After announcing the sale of Paradigm’s music assets to Wasserman, the agency said it is in “active discussions” for its talent and literary business, without explaining precisely what that means. Many observers presume this means a sale of those remaining assets, with APA identified as a likely potential partner because it is focused on literary talent and could benefit from bulking up.
“A merger between what’s left of Paradigm and APA is the likely outcome,” the top agent said. “The big agencies already kicked the tires on Paradigm in an effort to acquire the music department; Gersh isn’t going to merge with anyone. Innovative is the same. So that leaves APA.”
Paradigm is already unique among most Hollywood agencies as an independently owned outfit run by CEO Sam Gores and supported by his wealthy financier-brother Tommy Gores. Paradigm has clung to its independence even as other talent agencies from CAA to WME to UTA have bulked up with outside investment from private equity, pushing into acquisitions and new lines of businesses to deploy their capital.
Paradigm stuck with its talent-focused business strategy, and turned down an acquisition offer from United Talent Agency in 2019, a decision Gores may well regret today.
“There are no discussions taking place between APA and Paradigm,” according to an APA spokesperson. A rep for Gores declined to comment for this story.
While all agencies have struggled during the pandemic, Paradigm has taken a greater hit due to its outsize reliance on the music business, which made up two-thirds of its revenue and featured top talents including Coldplay, Ed Sheeran, Billie Eilish, Janelle Monae and others. As concerts came to a screeching halt, Paradigm found itself in a bind — with no cash coming in and no horizon for a restart to the concert touring business.

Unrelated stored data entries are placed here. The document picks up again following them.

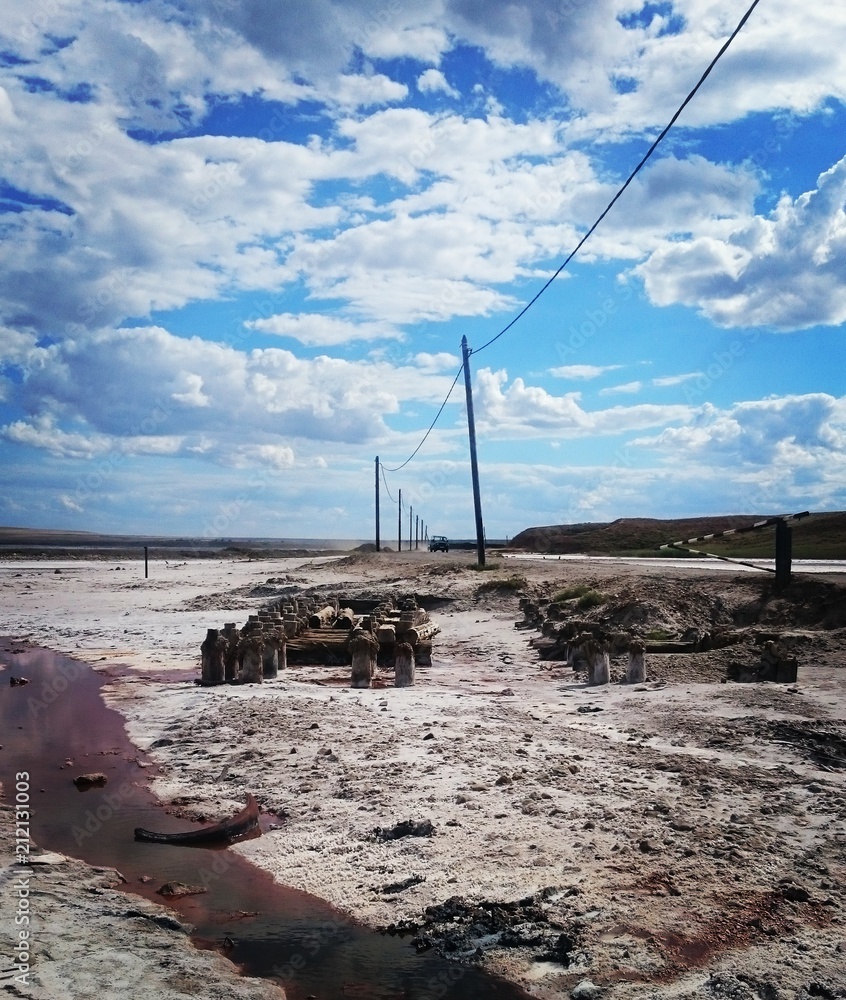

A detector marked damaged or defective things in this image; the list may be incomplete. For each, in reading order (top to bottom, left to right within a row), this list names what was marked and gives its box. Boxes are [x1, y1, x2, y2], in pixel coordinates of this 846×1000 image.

broken concrete post [200, 628, 225, 684]
broken concrete post [352, 632, 378, 688]
broken concrete post [394, 640, 414, 688]
broken concrete post [628, 644, 648, 684]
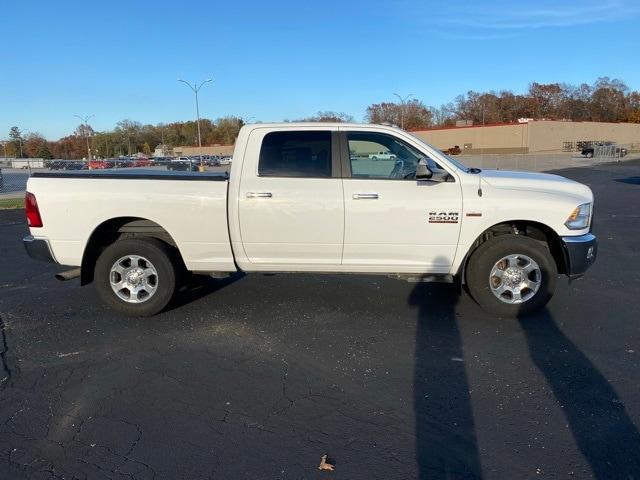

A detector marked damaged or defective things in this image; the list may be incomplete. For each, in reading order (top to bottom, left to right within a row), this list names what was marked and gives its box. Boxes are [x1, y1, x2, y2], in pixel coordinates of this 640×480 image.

cracked pavement [1, 162, 640, 480]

Agents had thought 2020 would line up to be one of Paradigm’s best years for music-related bookings, with clients like Eilish and Kenny Chesney prepping major tours. But with expenses and payroll in the millions of dollars, Gores last spring decided to temporarily lay off staff and make salary cuts. Then last September, 180 Paradigm staffers were permanently let go.
Of course, Paradigm was not the only agency impacted by the pandemic. In the early months of the crisis, live events and movie and TV productions ground to a halt — and with them went the agencies’ primary sources of revenue. Soon, there were thousands of layoffs and furloughs at UTA, ICM Partners, APA, CAA and WME.
“You have to try to bring costs down more in line with revenues,” another agency insider explained. “All the agencies had to make that tough call based on recurring revenues and what you had coming in… And you always have to keep those options on the table the longer the pandemic drags on. It’s hard to find new money to make up for that loss.”
That’s been even more true for Paradigm because it relied so heavily on clients who generate most of their revenues from live performances that show no sign of returning soon.
But the blood was in the water after the initial layoffs. A former Paradigm agent said the agency started to hemorrhage clients after the layoffs began. “Since the layoffs last year, there’s been a mass exodus of clients across the board,” the former agent said. “Anybody that was anyone. No directors left. No stars left.”
Additionally, in the era of “50/50 gender parity by 2020,” the five-agent leadership group led by Paradigm veteran Marty Diamond “has already met with criticism for its lack of diversity, with only one woman and no people of color on the leadership team” according to Hits Daily Double. The other four are Lee Anderson, Sam Hunt, Jonathan Levine and Jackie Nalpant. They will run music at the agency alongside Diamond.
In September, a half-dozen departed Paradigm agents started their own company, called TBA, taking over prominent touring acts including The War on Drugs, Chvrches and Courtney Barnett.
To make matters worse, the shutdown of the concert business happened at the agency’s low cash point, when it operated on loans that floated the company until the flush months of the summer and the festival and outdoor concert season.
Paradigm has one of the most prestigious music rosters in the industry and well-known music agents to match — including Sam Hunt (who reps the likes of Diplo, Janet Jackson and Chromeo), Head of Global Music Marty Diamond (who reps Ed Sheeran, Coldplay, Sia, Lorde, Alessia Cara, Snow Patrol and more), Matt Galle (Machine Gun Kelly, T-Pain, Shawn Mendes, Halsey), Matt Meyer (Cash Cash, Tinashe, Halsey), Corrie Christopher Martin (Imagine Dragons, Janet Jackson) and Stephanie Miles (Idina Menzel, Jesse McCartney, Jojo), among many more.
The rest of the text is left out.